▶ _What you need to do_:
When you reach the line below that has "İstanbul- Bayrampaşa'da iş", start returning lines exactly, and stop after the line that has "KateGale – webcam"; skip the pictures.

▶ _Records shown_:
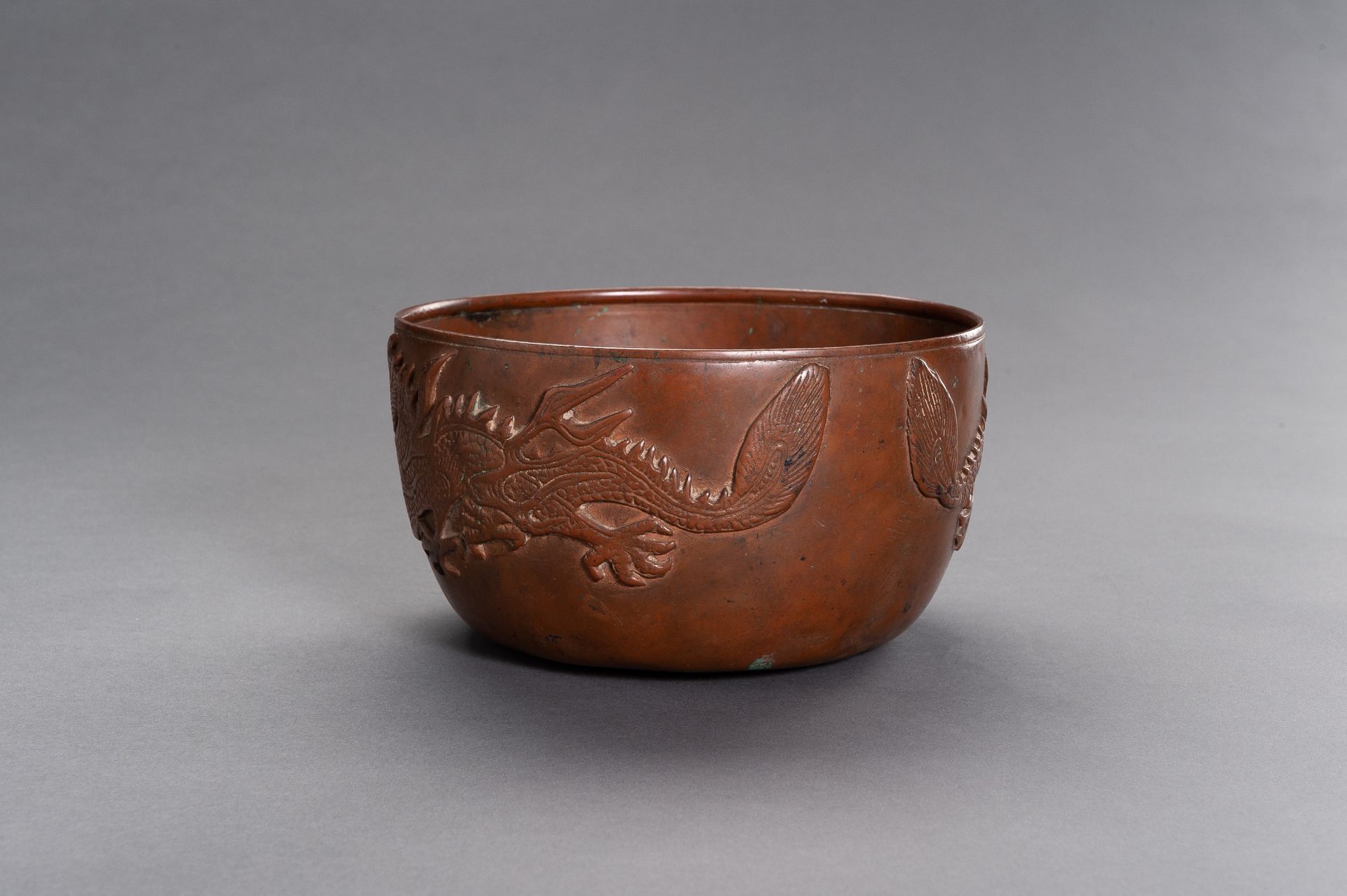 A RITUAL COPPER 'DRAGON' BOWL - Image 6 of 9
...
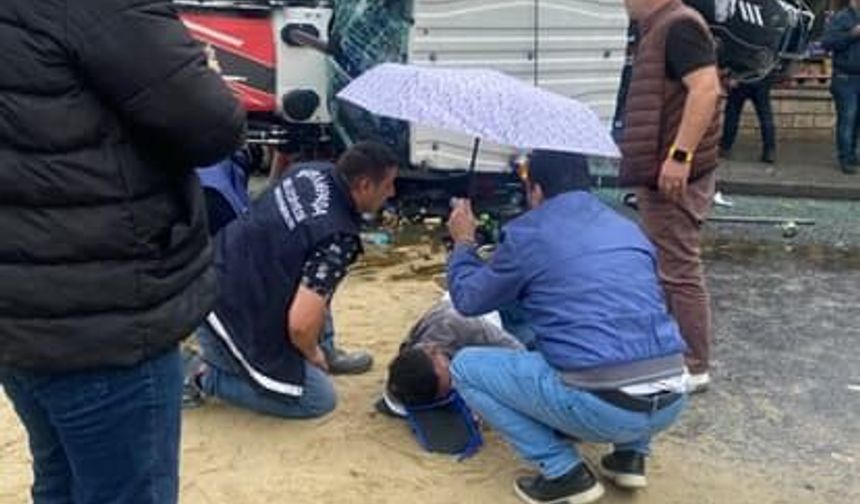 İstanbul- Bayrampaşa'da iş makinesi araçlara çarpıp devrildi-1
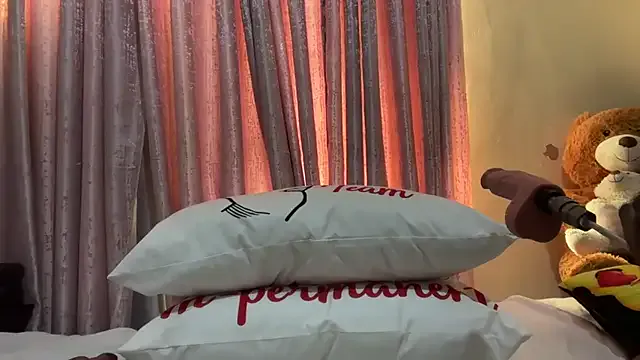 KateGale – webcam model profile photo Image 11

▶ _Result below_:
 İstanbul- Bayrampaşa'da iş makinesi araçlara çarpıp devrildi-1
 KateGale – webcam model profile photo Image 11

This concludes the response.